Step back in time to see what area movie theaters were presenting in July 1932. Film titles are linked to the Internet Movie Database.

For more information about these theaters, see Cinema Treasures or Water Winter Wonderland.


"Wednesday is Bargain Day at Ann Arbor movie theaters, too," read a July 19, 1932 article in The Ann Arbor Daily News. "Swinging into line with the purveyors of dry goods, groceries, hardware, men's suits and babies' bottles, the sellers of entertainment and relaxation at the Majestic, Michigan and Wuerth theaters have been instructed to dispose of admission tickets for the afternoon performances for one dime each."

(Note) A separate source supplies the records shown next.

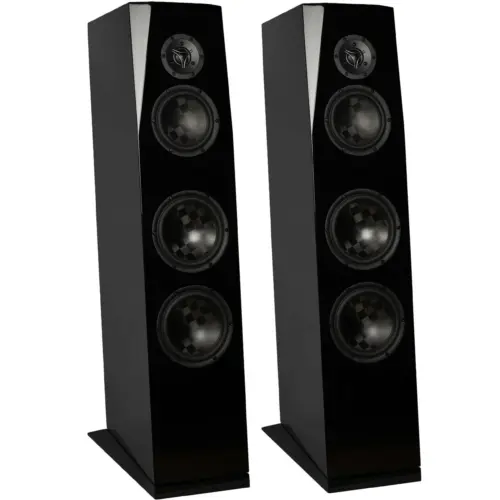 Kit Componente SB Acoustics SASANDU TX cu driveri TeXtreme Black High-Gloss - imagine 1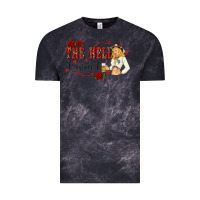 Cloud Black the hell i wont with sassy pinup cowgirl Vintage Tee - texasbilliewilder
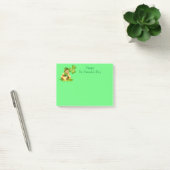 St. Patricks Day Post-it Klebezettel (Büro)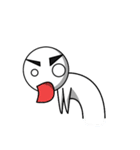 Mr.White man（個別スタンプ：5）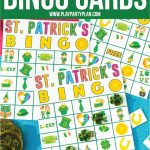 Free Printable St. Patrick's Day Bingo Cards   Play Party Plan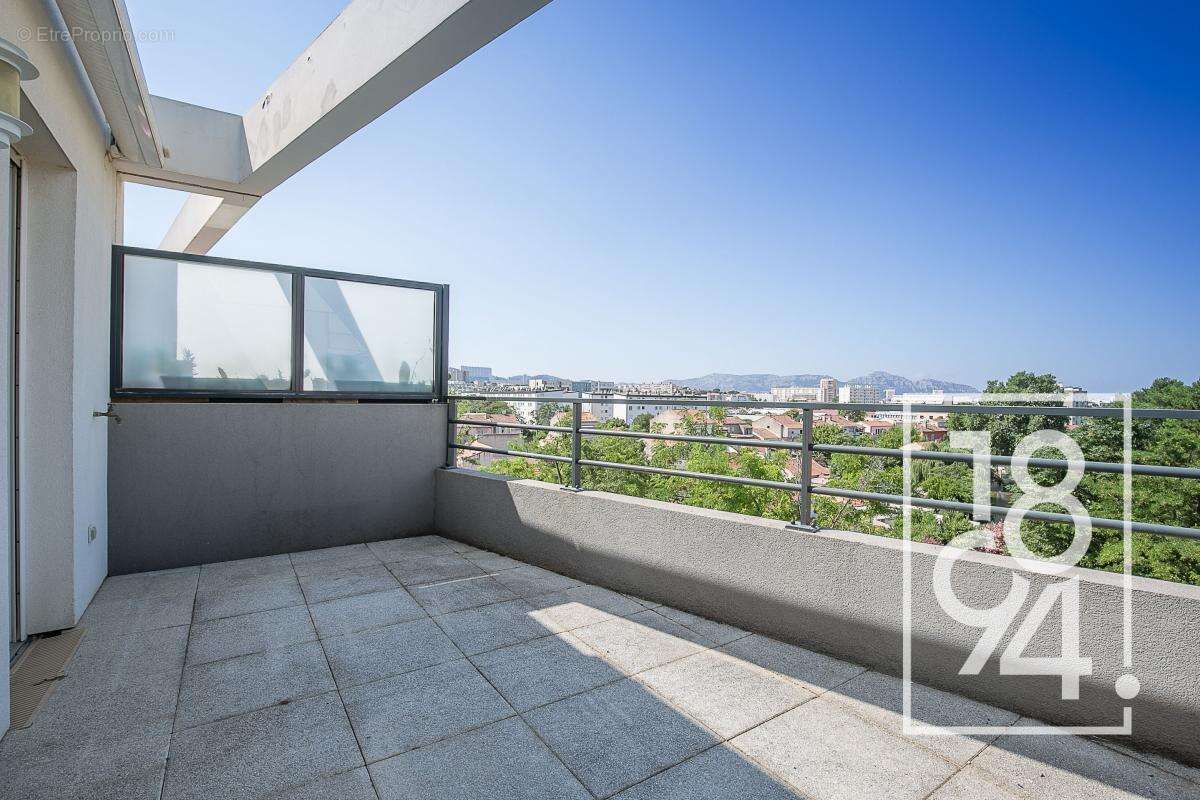 Appartement à MARSEILLE-10E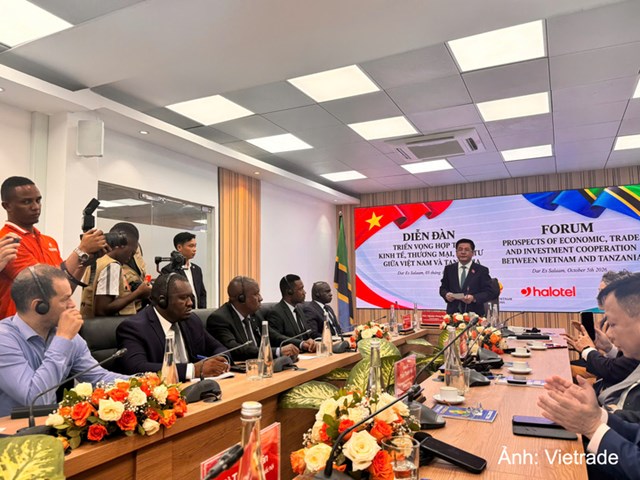 Việt Nam - Tanzania mở rộng dư địa hợp tác kinh tế, thương mại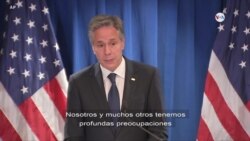 Blinken señala preocupación de EEUU por una posible crisis por Taiwán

For this price, Michigan moviegoers could see Million Dollar Legs (Jack Oakie and W.C. Fields) or Jean Harlow's latest, Red-Headed Woman. Also showing this month were What Price Hollywood? (starring Constance Bennett and directed by George Cukor), Winner Take All (James Cagney), and Fast Companions, with Tom Brown, James Gleason, Maureen O'Sullivan ("That Tarzan Girl") and a young Mickey Rooney. The Saturday morning Children's Show on July 30 included Destry Rides Again (with Tom Mix) and a "5¢ Ann Arbor Dairy Frostbite for every child!"

At the Majestic in Ann Arbor, all seats were reserved for the three-day run of the heavily publicized Grand Hotel, featuring "the greatest aggregation of screen luminaries ever assembled before a motion picture camera as a picture cast." (Allison Ind, The Ann Arbor Daily News, July 8, 1932)

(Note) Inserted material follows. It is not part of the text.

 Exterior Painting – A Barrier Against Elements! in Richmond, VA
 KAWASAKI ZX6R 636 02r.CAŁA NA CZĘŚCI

Like some other Detroit movie theaters, the Redford closed down for part of the summer. The month started with the drama Man About Town (Warner Baxter and Karen Morley). Then came the mystery The Woman in Room 13, with Elissa Landi, who was "beautiful, capable and charming," but not a box office attraction (The Great Movie Stars, David Shipman). On July 6 and 7, George Bancroft and Miriam Hopkins headlined World and the Flesh, a drama about the 1917 Russian revolution. Then the Redford went dark until October 7, when it re-opened with The First Year.

Other highlights of the Detroit movie month included the opening of the real life adventure Frank Buck's Bring 'Em Back Alive at the "Carefully Cooled" RKO Downtown. At the Fox, Marian Nixon starred as Rebecca of Sunnybrook Farm.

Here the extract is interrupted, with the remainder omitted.